Vi spiego quello che ho realizzato.

Ho il mio pc con la seguente configurazione: 

1 scheda agp nvidia

1 scheda pci nnvidia

2 schede audio

1 scheda pci dvb-d

1 mouse e 1 tastiera

uso il mio pc come fosse un multiseat ovvero come se fosse usabile da 2 persone contemporaneamente.

per l'utenza desktop utilizzo la scheda agp (dualhead e una scheda audio)

per l'utenza multimedia uso invece la scheda pci.

Questo tipo di configurazione mi permette di avere in una sola macchina la possibilità di usare il pc come ambiente desktop e contemparaneamente su un altro monitor (TV) usare il mediacenter.

Ho implementato tutto e funziona l'unica cosa che mi sta dando grossi grattacapi è il fatto che io utilizzo una sola tastiera ed un solo mouse (per l'utenza desktop) e per il multimedia un telecomando infrared pilotato con lirc (mythtv).

ho quindi 2 configurazioni di xorg separate, per quella desktop nn ci sono problemi in quanto ho una sezione per la keyboard e una per il mouse, per quanto riguarda invece la config multimediale sorgono i problemi ....

Non ho bisogno di alcun Inputdevice .... voi direte beh basta che non li metti nella configurazione ... e invece non è cosi' è necessario metterlo altrimenti xorg non parte ...

Cosa ci metto io?!?

Ho pensato beh faccio un fakedevice che punta a /dev/null ... effettivamente sembravo aver risolto, invece mi sono accorto che cosi' facendo la cpu schizza al 100%.

Avendo a disposizione un adattattore (ps2 mouse + ps2 keyboard =(to)=>  USB) ho provato attaccandoci una tastiera ho impostato correttamente il device nella cfc e funziona e ovviamente la cpu non è al 100%.

Ora mi domando, ma non esiste la possibilità di impostare Xorg per funzionare senza una tastiera?
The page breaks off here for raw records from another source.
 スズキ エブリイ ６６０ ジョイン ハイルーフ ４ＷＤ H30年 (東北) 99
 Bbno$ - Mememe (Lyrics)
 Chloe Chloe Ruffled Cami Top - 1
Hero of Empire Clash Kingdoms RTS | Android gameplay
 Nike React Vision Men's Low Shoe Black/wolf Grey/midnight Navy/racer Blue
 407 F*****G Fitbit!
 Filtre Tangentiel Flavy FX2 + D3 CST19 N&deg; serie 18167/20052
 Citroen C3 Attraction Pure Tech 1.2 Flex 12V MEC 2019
Spero di essere stato abbastanza chiaro. Avete qualche suggerimento?Last edited by MaTz on Wed Mar 21, 2007 6:43 pm; edited 1 time in total

----------

## Ic3M4n

 *man xorg.conf wrote:*   

> Option "
> 
>  Option "AllowMouseOpenFail"  "boolean"
> 
>               This  allows  the  server  to  start up even if the mouse device
> ...

 

ovviamente non ho provato, però stando nel man dovrebbero funzionare. Magari c'è anche qualche altro modo ma onestamente lo ignoro.

----------

## daniel979

ciao un po' di tempo stavo cercando di fare la stessa cosa anche io

l'unica diferenza e' che al posto della seconda scheda video nvidia ne ho una ati.
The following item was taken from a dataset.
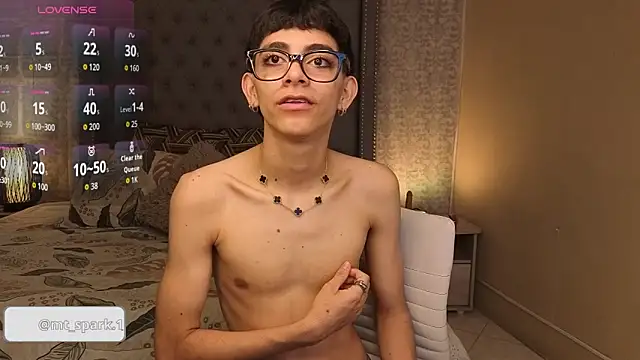 Matty Sparkk online show from September 19, 2025, 1:56 pm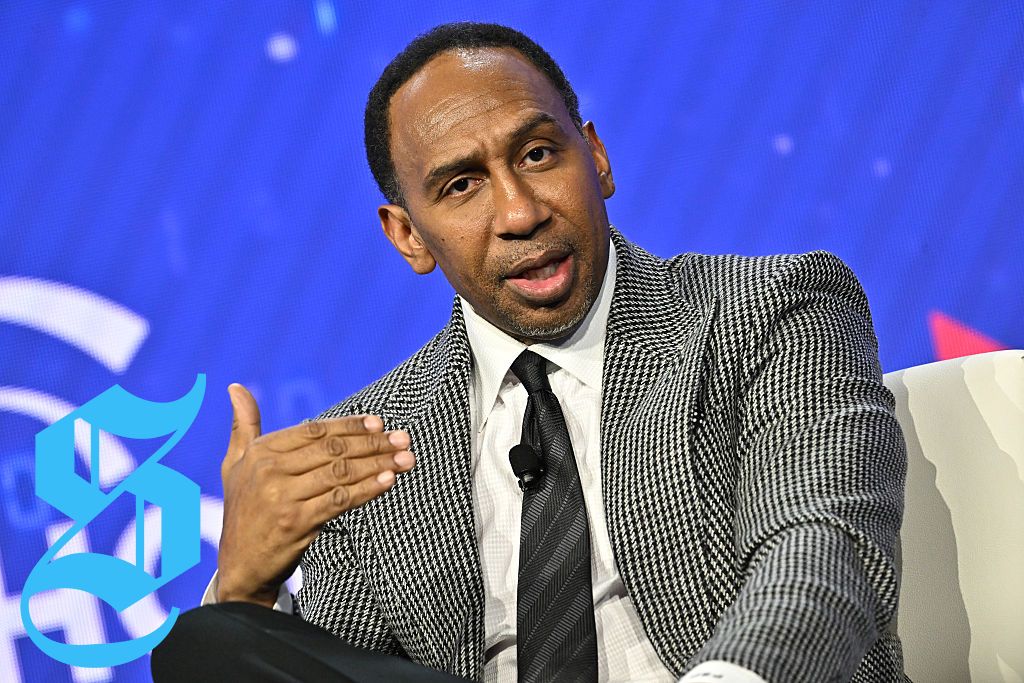 Stephen A. Smith Responds to Controversy Over Renee Good's Shooting Comments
con una scheda nvidia e una ati ho un problema per quanto rigurda la prima tastiera non mi funziona perfettamente ed alcuni tasti sono sballati, ricordo ad esmpio che le frecce non funzionavano.
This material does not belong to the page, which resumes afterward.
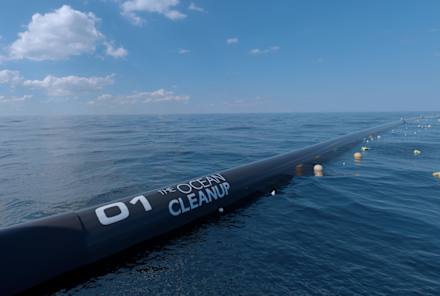 The Most Ambitious Ocean Cleanup Plan Ever Is Officially Underway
tu che versione usi di xorg???

usi kde????

per risolvere il tuo problema comunque in make.conf nella variabile INPUT_DEVICES aggiungi void

ricompila con l'aggiornamento delle use, mi sembra si debba ricompilare xorg che ti aggiungera' il driver-void

e poi in xorg.conf per quanto riguarda la dichiarazione della seconda tastiera metti

Section "InputDevice"

     Identifier "Keyboard1"

     Driver "void"

EndSection

io facevo tutte le mie prove con 2 mouse ma credo che se non vuoi il secondo mouse sia la stessa cosa della tastiera.

ciao spero di esserti stato utile

----------

## MaTz

grazie mille ho risolto utilizzando appunto il driver void.

sto utilizzando l'ultima versione di Xorg stable in portage.

----------

## daniel979

mi puoi postare i file xorg.cong che hai utilizzato????

----------

## MaTz

Ho creato degli alias.

L'utente TV e' quello che fa girare mythtv, il mio utente invece e' matz.

per TV:

alias startx='mount /media/ ; startx -- :1 -sharevts -novtswitch -config xorg.s3.config -isolateDevice PCI:2:1:0'

per MATZ:

alias startx='startx --  -isolateDevice PCI:1:0:0'

il file è qui http://matz1.altervista.org/avatar/xorg_cfg.tar.bz2

ciao

----------

## daniel979

ma come mai non riesco a vedere il file su altervista....

comunque se ti interessa io con kdm riuscivo a far partire sul monitor 1 l'autenticazione dell'utente

e sul monitor 2 invece direttamente x senza inserire username e password.

----------

## MaTz

scusami se ti ho risposto solo ora.

per prendere il file cliccaci sopra e poi compia l'indirizzo nella barra.

se non ce la fai te lo mando per mail.

----------